We are in the middle of an exercise to work out the best way of increasing the protection for London. That will take until about 2015 and then we will build whatever is required which will probably be a slight raising of the Thames barrier and of the walls all the way down the estuary, and also some setting back from the estuary in order to create flood alleviation zones and water storage areas.
That will mean that by 2030 or so, when we otherwise anticipate that the level of protection would have diminished quite substantially, we will be back up to the one-in-a-thousand year standard again.
Baroness Young on Whitehall
Question: Turning to some of the wider issues - do politicians and civil servants pay enough attention to environmental concerns?
Baroness Young: Well I would say no, but I'm biased. I think if you look back 20 years and consider the degree of 'environmental literacy' that there is amongst civil servants, politicians and the public, there is now considerably more than there was.
People seem generally to have accepted the idea that climate change is the biggest threat facing us and there is a commitment in the UK sustainable development strategy to a whole range of environmental improvement targets.
Some considerable progress has been made, quite often driven by European legislation. The air is cleaner than it has ever been, the waters are cleaner than they have been for the last 150 years.
But we have still got some challenges that are just not being tackled sufficiently robustly - the future energy mix, reducing pollution from traffic, tackling some of the big issues in unsustainable resource use and waste.
We have also got more to do in terms of making sure that land management, particularly agriculture, is more environmentally sound.
Though there are measures going ahead in each of these areas I think there needs to be a degree more energy.
Question: Do you find that the rest of Whitehall is co-operative with the Environment Agency or can it be difficult to get green issues up the agenda?
Baroness Young: I think there is quite a lot of stated commitment to making sure that environmental issues are taken into account, but there are some departments which, when push comes to shove, will be more interested in the economic and social issues than the environmental ones.

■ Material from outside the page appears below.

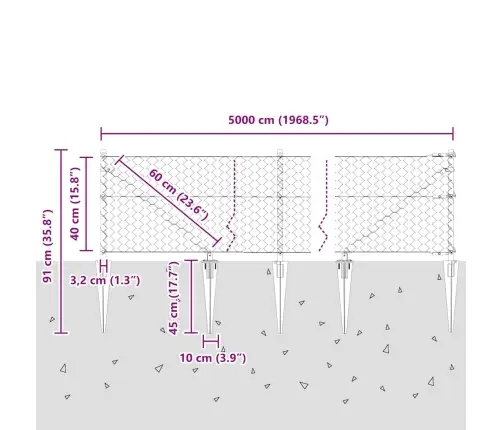 Sešstūra Žogs Pelēks 0.4X50 M Tērauds Vidaxl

That is why I think it is important to move forward on some of the issues where it is a win for everyone.
For example, energy efficiency measures, if the price of electricity is right, will pay for themselves and save people money.
The European carbon trading system, which means that companies have got to buy the ability to emit carbon into the atmosphere, can drive major programmes of energy efficiency and substitution to go for lower carbon fuels. That is good because it can quite often save companies money as well as being good for the environment.
So more economic instruments to encourage both individuals and companies to do the right thing, and to make it economic for companies and individuals to do the right thing, is part of what we are looking for.
Question: Would it be fair to say that you think the Treasury and the Department for Trade and Industry are the two departments that put more emphasis on economic issues than environmental issues?
Baroness Young: It would be putting words into my mouth to say that. I think if you look at what needs to be done to deliver sustainability in this country, it is practically every department.
The ODPM is a very crucial department, the Treasury is a crucial department, the DTI is a crucial department, Defra is a crucial department particularly as far as agriculture is concerned.
The Cabinet Office is crucial in terms of the modern regulation agenda - making sure that modern regulation doesn't mean no regulation or deregulation.
The Department of Health is vital because of the crossover between environment and health. There is another example where getting a better environment can often reduce ill health.
So I wouldn't want to single anybody out. All the departments have got environmental issues that they need to play their part in delivering.
Baroness Young on regulation
Question: Do you think we have the enforcement framework at the moment? Do you have all the powers that you need?
Baroness Young: There was a report by Philip Hampton who looked at regulation on behalf of the chancellor. One of the very useful recommendations he came up with was that there needs to be a more flexible range of penalties, measures you can take if somebody is getting it wrong.
At the moment we have to pursue people through the criminal courts with criminal standards of proof. It takes ages and by the time it happens the people who were involved have all moved on and the company has cleaned up its act.
What we are looking for are a range of administrative sanctions so that if a company gets something wrong and knows that it has got it wrong, we could apply an administrative fine that would be fed into an environmental fund for environmental improvement.
We are sure that would be much faster and much more direct, and it would also create resources to clean up and improve the environment in the communities that have already lost out because somebody got it wrong.
So we are looking for that - the government is now working on how it might introduce that.
We are also using Asbos at the moment, using new measures like community service for company directors and being able levy penalties against individual directors as well as the companies themselves.
We also publish an annual 'Spotlight' report which is a 'name, fame and shame' mechanism because it highlights companies that have shown good performance in the year and companies that have shown poor performance. It talks about the overall environmental performance about some of the key business sectors and is really a kind of league table that helps encourage peak performance and helps shame people if they are 'duffers'.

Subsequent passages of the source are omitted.